By the way, we’ve done experiments to put log failure recommendations directly in product, but the results are taking iteration to get right.
I have mixed feelings about this, because it often feels like I’m turning my brain off.
In other cases, the build failure will come with a wall of logs (it could be tens of MB), and the best clue is hidden somewhere in the middle. Using an LLM with a large context window is useful, because I can paste in long passages where I think something relevant will be found, and the LLM will indeed find it. It’s all the more helpful when 12,833 results show up after doing CMD-F for “error” or “warning”. It’s probably important to note that my employer uses a commercial license that prohibits training on chat logs.
Prospecting Support
Bitrise is a rather technical product in a niche space. For example, I have been encouraging our marketing and sales teams to focus on selling to Kotlin Multiplatform users^. It’s not easy for non-technical people to correctly explain why Bitrise is great for KMP in marketing assets or prospecting messages. But when I feed the LLM with the technical concepts, it can convert those into customer messaging fit for purpose.

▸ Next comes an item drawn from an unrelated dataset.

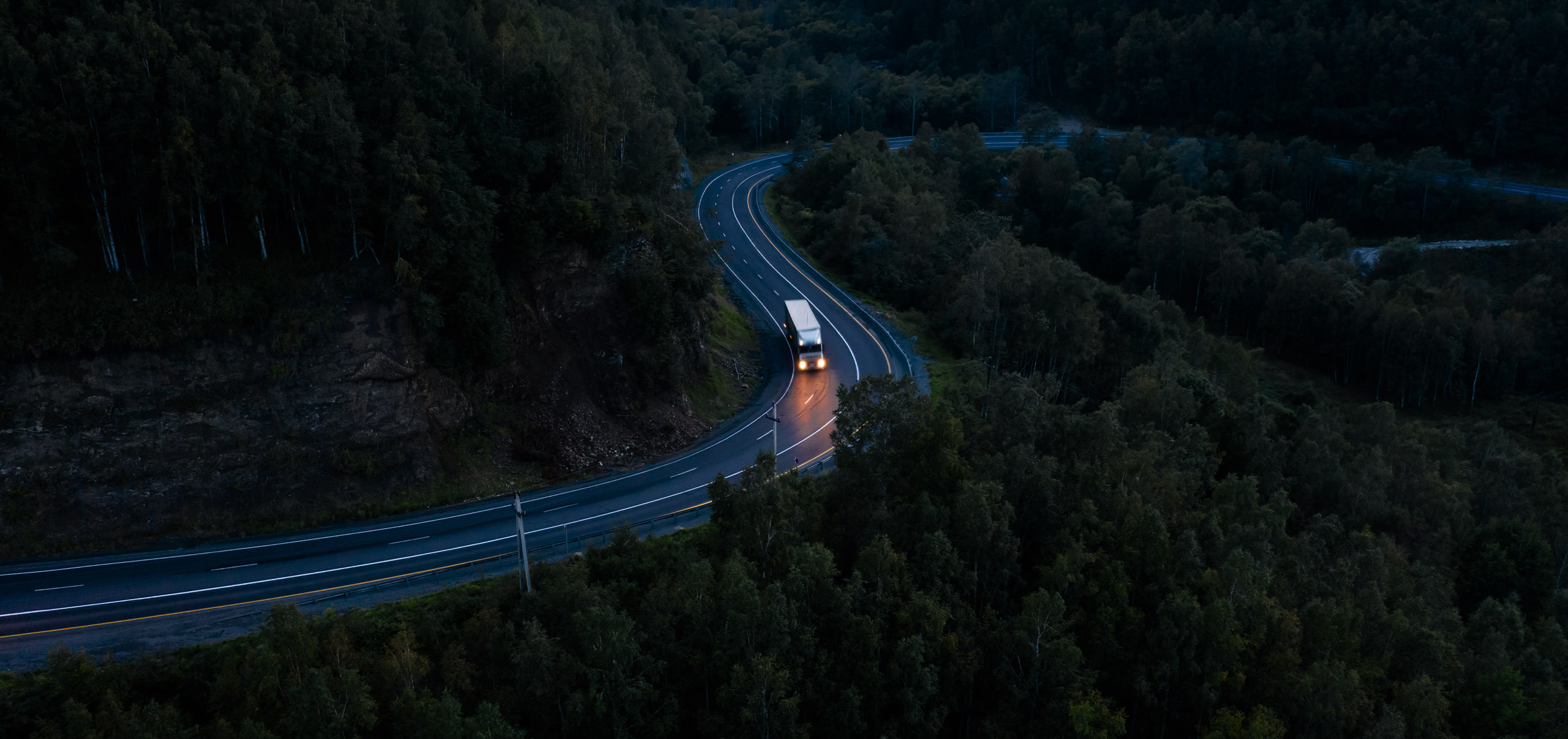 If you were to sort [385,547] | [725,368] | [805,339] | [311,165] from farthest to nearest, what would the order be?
[805,339]
[725,368]
[311,165]
[385,547]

Questionnaires (Infosec, RFPs, RFIs)
At Bitrise, we use a commercial tool called Skypher, which essentially provides a database of “approved” responses to questionnaires. This is a huge time saver. Feed it an XLS file with questions and you’ll get one back with answers filled in. It also exposes a Slackbot for more back and forth prompting (kind of a natural language search interface for acceptable external statements). A questionnaire that would have taken me four hours might now take one or less.

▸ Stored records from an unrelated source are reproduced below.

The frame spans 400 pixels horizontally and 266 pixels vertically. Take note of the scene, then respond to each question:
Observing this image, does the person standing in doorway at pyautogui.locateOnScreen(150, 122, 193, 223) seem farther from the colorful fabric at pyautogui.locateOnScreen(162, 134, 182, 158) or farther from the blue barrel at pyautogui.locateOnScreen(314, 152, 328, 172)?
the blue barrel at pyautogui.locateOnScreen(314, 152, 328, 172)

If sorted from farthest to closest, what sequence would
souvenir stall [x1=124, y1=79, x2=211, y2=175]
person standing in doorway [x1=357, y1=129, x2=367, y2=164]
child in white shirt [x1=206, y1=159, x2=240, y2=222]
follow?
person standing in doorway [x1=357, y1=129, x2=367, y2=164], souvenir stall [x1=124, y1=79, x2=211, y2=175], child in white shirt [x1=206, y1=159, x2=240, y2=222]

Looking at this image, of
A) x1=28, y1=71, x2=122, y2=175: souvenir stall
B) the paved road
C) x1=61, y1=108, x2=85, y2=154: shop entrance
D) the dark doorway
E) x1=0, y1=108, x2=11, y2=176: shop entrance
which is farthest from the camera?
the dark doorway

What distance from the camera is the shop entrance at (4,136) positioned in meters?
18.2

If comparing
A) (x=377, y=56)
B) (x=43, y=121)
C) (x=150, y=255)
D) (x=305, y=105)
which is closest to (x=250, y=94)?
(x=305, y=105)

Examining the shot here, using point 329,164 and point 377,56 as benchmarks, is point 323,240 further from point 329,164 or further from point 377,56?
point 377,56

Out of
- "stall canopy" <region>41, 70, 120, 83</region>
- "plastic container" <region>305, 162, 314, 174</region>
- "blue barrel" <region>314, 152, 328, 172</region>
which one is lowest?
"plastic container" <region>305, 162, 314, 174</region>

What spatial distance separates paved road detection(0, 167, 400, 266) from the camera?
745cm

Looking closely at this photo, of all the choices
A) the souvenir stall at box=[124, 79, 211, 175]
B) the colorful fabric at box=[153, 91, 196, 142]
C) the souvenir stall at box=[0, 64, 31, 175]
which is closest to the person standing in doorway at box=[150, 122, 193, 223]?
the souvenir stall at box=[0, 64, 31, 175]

“Garbage in, garbage out” applies here. Tools like this require continuous upkeep to ensure the “approved” responses remain accurate and to add new information as it evolves. Otherwise you will give incorrect responses to sensitive questions. It’s also important to note that in many contexts, questionaires are not box checking exercises—they are opportunities to sell and challenge the prospect. No AI will think critically for you (yet) about how to use the questionnaire to box out your competition or reframe the customer’s perspective.

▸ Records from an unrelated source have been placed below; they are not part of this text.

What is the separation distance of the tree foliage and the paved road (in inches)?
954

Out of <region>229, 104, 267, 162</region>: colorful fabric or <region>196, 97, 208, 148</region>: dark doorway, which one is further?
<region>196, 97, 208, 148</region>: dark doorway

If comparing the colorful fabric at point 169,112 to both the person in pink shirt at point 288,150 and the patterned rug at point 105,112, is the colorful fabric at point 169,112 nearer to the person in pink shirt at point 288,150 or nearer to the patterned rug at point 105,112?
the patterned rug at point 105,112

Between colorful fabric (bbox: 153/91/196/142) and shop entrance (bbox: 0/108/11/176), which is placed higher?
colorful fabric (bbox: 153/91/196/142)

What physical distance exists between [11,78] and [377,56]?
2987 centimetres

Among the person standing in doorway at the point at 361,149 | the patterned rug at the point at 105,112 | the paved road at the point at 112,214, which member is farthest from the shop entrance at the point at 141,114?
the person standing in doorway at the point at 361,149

Turns out I’m not an AI skeptic after all
I guess I’ve already integrated AI quite deeply into my workflows! But I know I have more work to do. A lot of what I’ve mentioned above is garden-variety stuff-—primarily productivity boosts not value-add. But similar to my KMP example with Bitrise, it’s the niche overlaps that are transformational. Keeping an eye out for these possibilities by staying educated on the newest developments are my next step.
^Bitrise is perfect for KMP because it is uniquely capable of build performance improvements. KMP’s linker phase is painfully slow for iOS apps. One recent customer moved to Bitrise because they were hitting the Github Actions max timeout before their app would finish compiling. The linker is sped up, for now, only with faster hardware. On top of that, KMP uses Gradle for its build tool. Gradle supports build caching for speeding build and test execution. Bitrise is the only CI that provides both the most modern (fastest) Mac hardware AND a managed Gradle build cache. This is a unique combination makes a huge difference to a very specific niche.